At Burt’s birthday last summer I walked the ramp and found 7 downdraft
installations out of the 102 EZs. Talking with two owners that used exhaust
augmentation indicated that their plane worked well. I expect that several
do not use augmentation but still get the cylinders to cool somehow. I
am not familiar with how to make dd cooling work without exhaust augmentation.
Neither do I know how some updraft, per plans EZs cool with so much intestinal
ductage. So, augmentation use and cowl stagnation skews the inlet size
discussion.
The thing
that triggered my interest in developing low pressure aft of the cylinders
was seeing a fellow at a fly-in taxi in with a very hot engine. He got
out complaining about the high CHTs.
A bystander suggested that his two 9x9 inch armpit inlets were too large.
The pilot told the bystander that he was crazy and that he was going to
make them even bigger. The crazy bystander was Gary Hertzler.
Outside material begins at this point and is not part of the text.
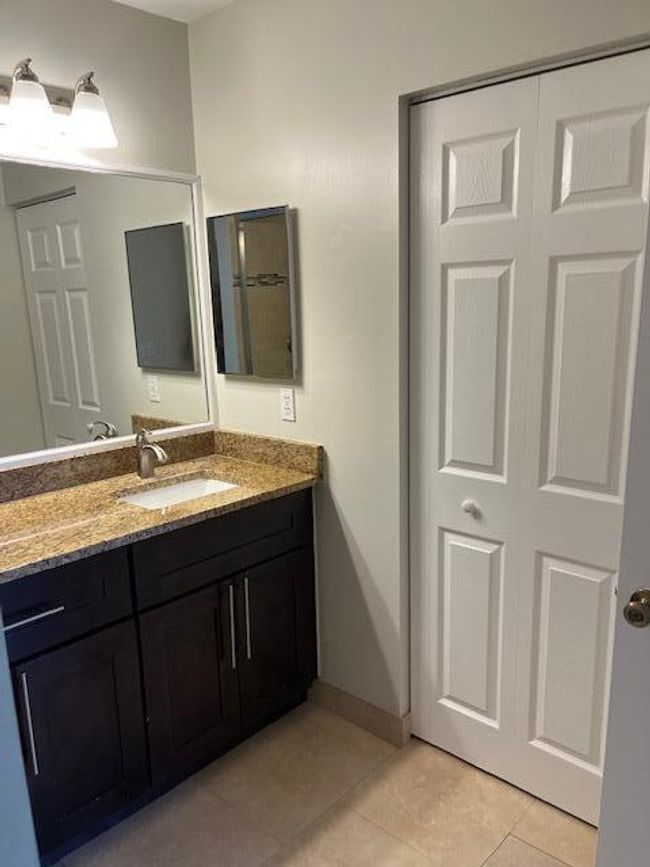 9826 Kamena Cir, Condo with 3 bedrooms, 3 bathrooms and null parking in Boynton Beach FL | Image 26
If you’re really good you can demonstrate oil flow evidence corroborating
that if the inlet is too large and if there is enough internal stagnation,
an air bubble can form in the inlet and the airflow will take the easier
path, around the inlet. Ram air pressure can be stymied.
So I decided
to aim early at internal simplicity and augmentation. Does anyone need
help in getting a good mental image of how the exhaust augmentation works?
What
is good cooling?
To me, good cylinder cooling means normal temps at full throttle. The
first downdraft plenums were installed with significant attention to detail
and successfully ran wide open at 2000 feet over the hot ranchland with
excellent cooling from day one.
In our 100
degree temperatures, good CHTs to me with the 0-235 meant a little over
400 degrees after liftoff to 2000 ft. Staying wide open at 2000 feet at
around 200 mph they were about 390. When the power was pulled back a little
they went to 350 or lower.
In 130-140
mph climbs to 10K the 0-235 CHTs started around 400, gradually reducing
during the climb, to 340-350 by reaching 10K. During cruise they further
reduced to 320-340. Some cruise temps were even lower.
I did some
instrument error testing, putting all four CHT washer senders on the top
and bottom of two cylinders. The top dd cooler-side temps were about 60
degrees lower than the hot / bottom side temps. Some of the digging I
did recommended that downdraft installations (spam cans) should have the
washer type senders on the top while bayonet senders should be in the
bottom fitting provided for them. These readings are from washer senders
on the lower side, with a little fudge factor to the good.
This 0-290
testing thus far includes installing the senders on different cylinders
for further comparison. A bayonet sender has been installed on a couple
of cylinders and the readings are the same as the bottom washer senders.
Attention
to detail
It may sound improbable, but, it is fully within the realm of possibility
–no further comment for now- that this can be screwed up. Proper
cylinder head and barrel (neck) airflow could be missed or dismissed or
just totally overlooked. The fins could be completely blocked with RTV
globs-with updraft or downdraft cooling. Or the space between the cylinder
necks could be left open, with the air going through that wide open space
rather than the fins. I don’t know what to say about these omissions,
other than another set of eyes might be beneficial.
A friend
has a beautiful stock Glastar. His experience is useful when comparing
EZ temps with the best of other types. For some time I have been envious
of his stock cooling setup with good cylinder and oil temps. However he
recently mentioned that like the rest of us, this summer his temps are
higher than desired and even borderline.
Enough for
now. All of these cooling and cowling tweaks fit well into my overall
interest to simplify the internal cowl airflow and finesse the outer shape.
This is the easy stuff. Later, some oil cooling torture.